[[ Input records, beginning ]]
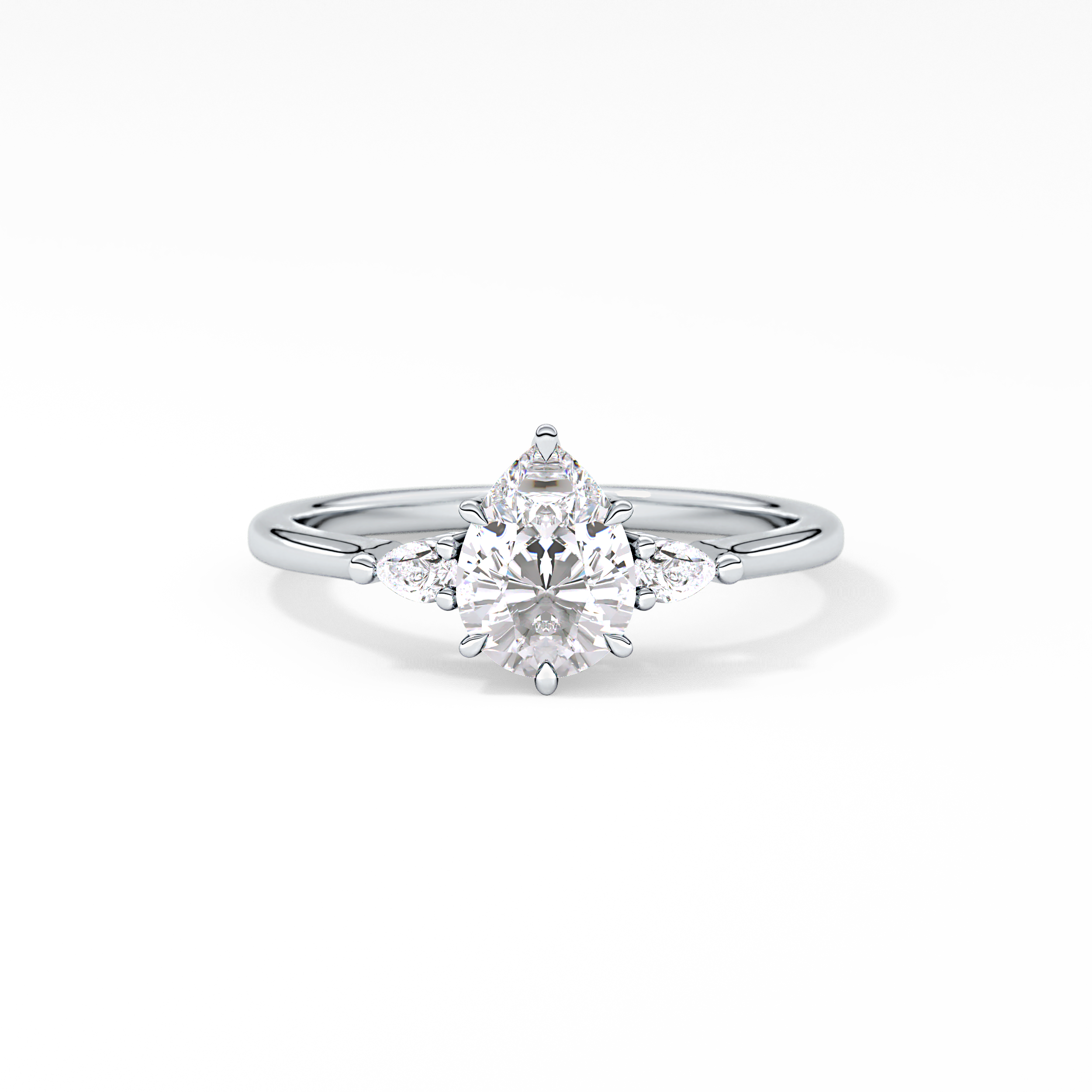 Pear Cut 0.86 Carat Moissanite Ring – Three Stones Setting in Gold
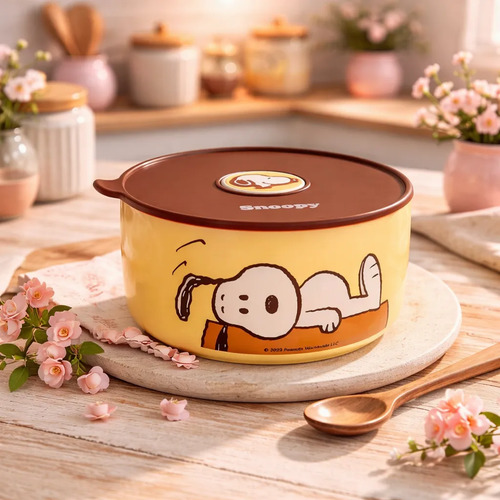Bowl De Cerámica Perrito Snoopy C/tapa Hermética - Grande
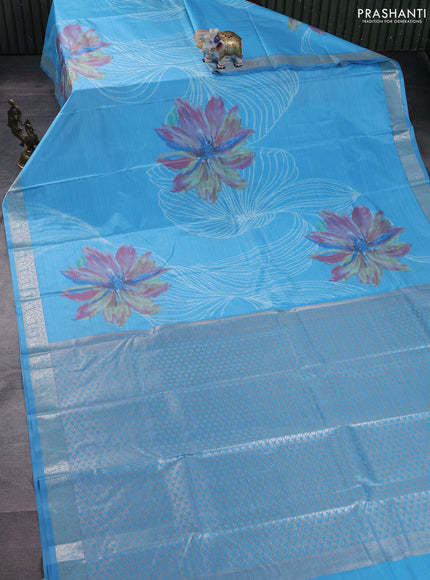 Bangalori semi silk saree light blue with allover ikat weaves and zari woven border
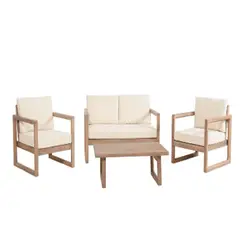 DMUEBLES - DM Juego de Sala para Terraza de 2-1-1 cuerpos + Mesa de Centro - Beige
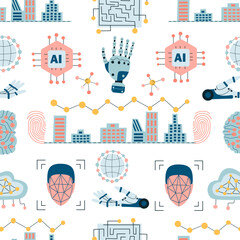 Technology seamless pattern with Hand Drawn Neural Networks - 648957998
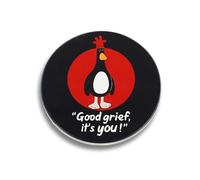 Half Moon Bay | Wallace & Gromit | Feathers McGraw | Single Ceramic Coaster | Official Merchandise | Drink Mat & Desk Accessory | Gifts for Aardman Fans & Stocking Fillers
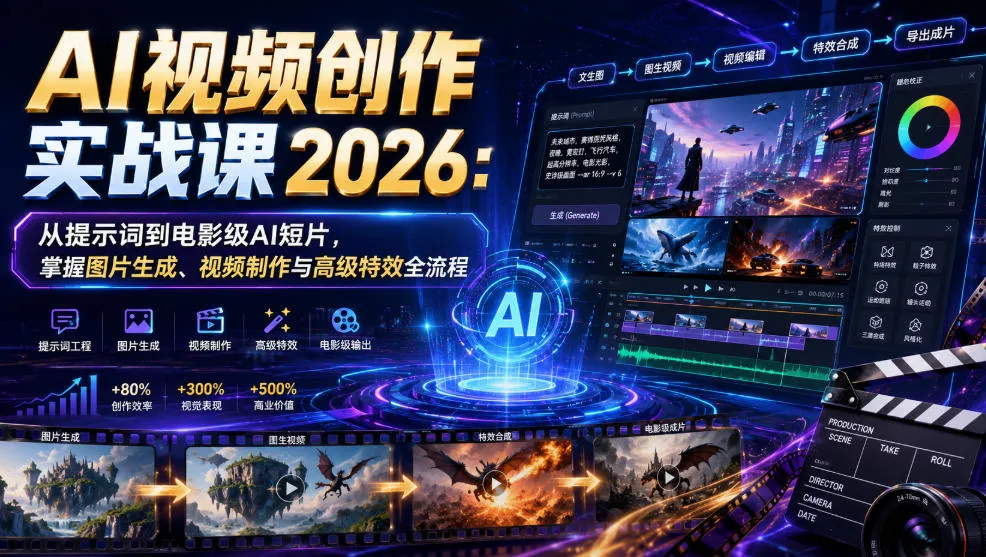 AI视频创作实战课2026：从提示词到电影级AI短片，掌握图片生成、视频制作与高级特效全流程 - 网创在线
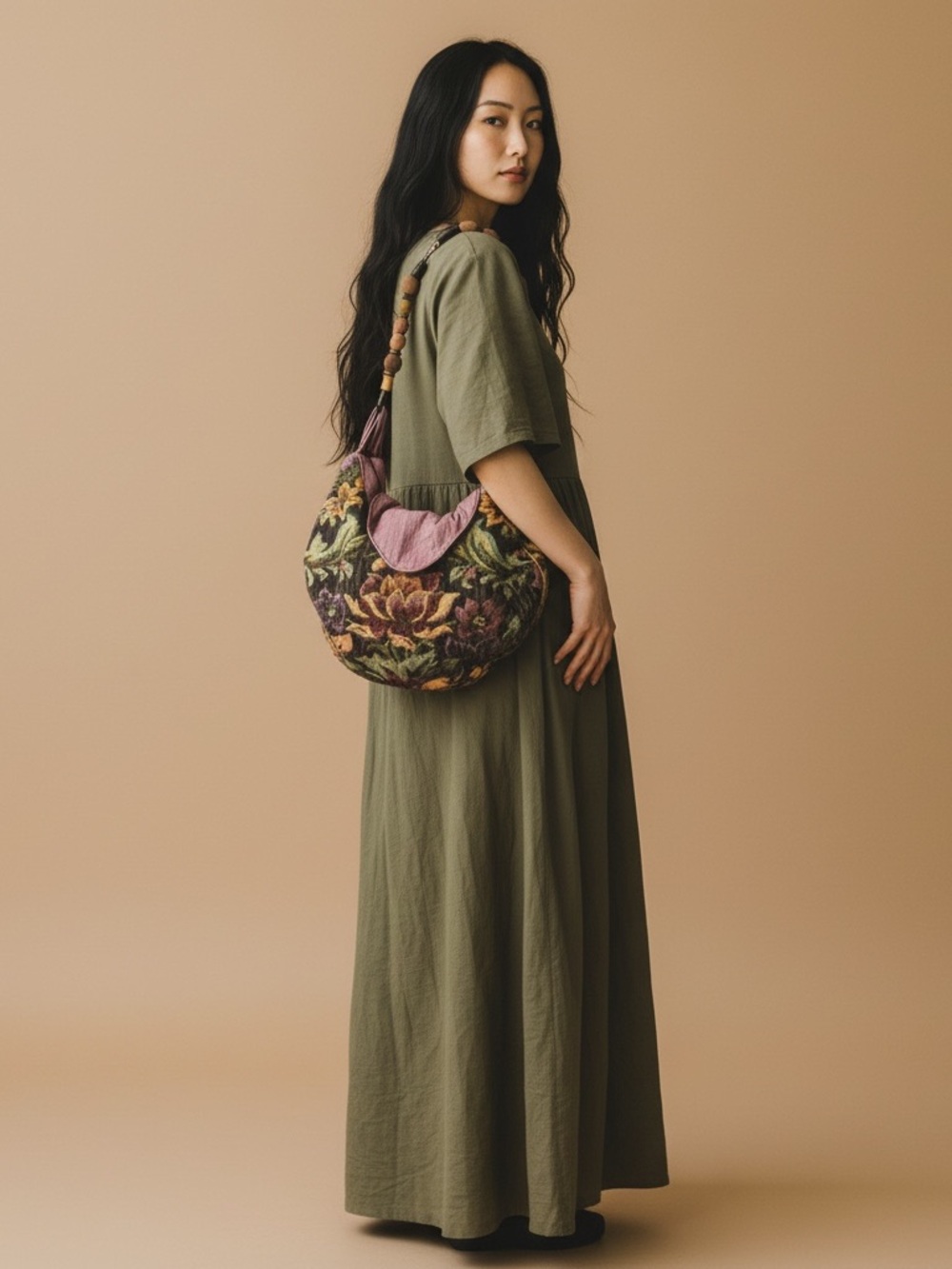 Floral Tapestry Hobo Shoulder Bag Beaded Strap Mauve Boho 17x15 - Picture 15 of 15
[[ Input records, end ]]
__Exercise objective__
Could you transcribe exactly the lines from the start of the records through the line containing "Technology seamless pattern", both ends included, leaving the pictures out?

__Worked solution__
 Pear Cut 0.86 Carat Moissanite Ring – Three Stones Setting in Gold
Bowl De Cerámica Perrito Snoopy C/tapa Hermética - Grande
 Bangalori semi silk saree light blue with allover ikat weaves and zari woven border
 DMUEBLES - DM Juego de Sala para Terraza de 2-1-1 cuerpos + Mesa de Centro - Beige
 Technology seamless pattern with Hand Drawn Neural Networks - 648957998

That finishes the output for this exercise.